You took a vow to remain united in sickness and in health, but lately that vow may be tested in a new way. For thousands of couples considering divorce, those promises may have greater meaning, depending on how Congress weighs in on our nation’s healthcare insurance. A recent article in Time magazine reported that some couples are actually delaying divorce proceedings until the outcome of the Affordable Care Act (ACA) is known.
Of course, this health insurance is not a new concern to divorcees. In 2012, before the ACA took full effect, University of Michigan researchers reported that approximately 115,000 women lost their private health insurance every year due to divorce. Under COBRA, divorced spouses are entitled to remain on their ex’s plan for up to three years of continued coverage. But after those benefits run out, they are once again reliant on the individual plan market. Before the ACA, that often meant being charged a higher rate for coverage or even being denied outright if there were existing health issues.

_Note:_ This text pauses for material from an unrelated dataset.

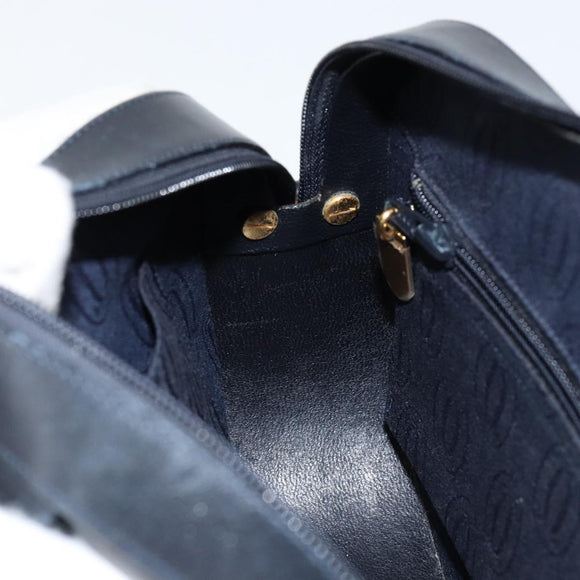 CARTIER Shoulder Bag Leather Black Gold Auth 148672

Back in 2009, when Time downsized its holdings in Birmingham, Ala. and laid off hundreds of
employees, Joan Morris* (whose husband was self-employed) found herself among those
scrambling for coverage for her family. After speaking with an insurance broker, she discovered
that her son, who was being treated for an endocrine deficiency would be denied continuation of
treatment. Fortunately, COBRA was option.
When she and her husband divorced 18 months later, he was able to continue COBRA after her
benefits ran out. “We juggled our son’s coverage between us,” she says. “My husband was able
to keep him covered under COBRA while we waited for ACA to be enacted.”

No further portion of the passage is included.